== EXERCISE DESCRIPTION ==
Among the records that follow, find each line holding the word "Shirt" and copy it.

======== EXTRACTED DATA ========

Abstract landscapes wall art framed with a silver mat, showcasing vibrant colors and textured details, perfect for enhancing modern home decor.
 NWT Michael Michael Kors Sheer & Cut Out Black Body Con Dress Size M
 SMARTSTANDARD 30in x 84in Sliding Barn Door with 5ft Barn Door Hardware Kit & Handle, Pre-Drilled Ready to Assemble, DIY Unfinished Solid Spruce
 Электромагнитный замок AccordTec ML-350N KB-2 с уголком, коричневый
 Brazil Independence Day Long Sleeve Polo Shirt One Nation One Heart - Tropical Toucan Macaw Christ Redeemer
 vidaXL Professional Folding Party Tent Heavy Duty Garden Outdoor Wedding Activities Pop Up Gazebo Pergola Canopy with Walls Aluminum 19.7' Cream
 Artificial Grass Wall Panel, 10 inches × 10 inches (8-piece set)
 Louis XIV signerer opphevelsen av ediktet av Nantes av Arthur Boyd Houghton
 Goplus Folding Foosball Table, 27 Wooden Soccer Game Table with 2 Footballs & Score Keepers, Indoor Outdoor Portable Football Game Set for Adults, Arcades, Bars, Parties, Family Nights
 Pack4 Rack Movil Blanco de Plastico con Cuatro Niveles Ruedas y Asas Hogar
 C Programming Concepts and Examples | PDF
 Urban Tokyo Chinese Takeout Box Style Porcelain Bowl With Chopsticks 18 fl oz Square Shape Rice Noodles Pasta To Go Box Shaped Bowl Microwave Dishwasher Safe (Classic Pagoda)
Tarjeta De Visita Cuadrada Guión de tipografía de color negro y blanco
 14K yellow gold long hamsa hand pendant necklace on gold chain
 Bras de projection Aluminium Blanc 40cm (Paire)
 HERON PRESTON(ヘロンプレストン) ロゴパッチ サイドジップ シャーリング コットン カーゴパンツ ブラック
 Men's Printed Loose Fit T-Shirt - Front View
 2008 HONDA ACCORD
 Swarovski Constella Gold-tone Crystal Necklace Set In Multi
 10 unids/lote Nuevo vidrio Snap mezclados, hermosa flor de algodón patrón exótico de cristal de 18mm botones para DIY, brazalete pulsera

========

== TASK SOLUTION ==
 Brazil Independence Day Long Sleeve Polo Shirt One Nation One Heart - Tropical Toucan Macaw Christ Redeemer
 Men's Printed Loose Fit T-Shirt - Front View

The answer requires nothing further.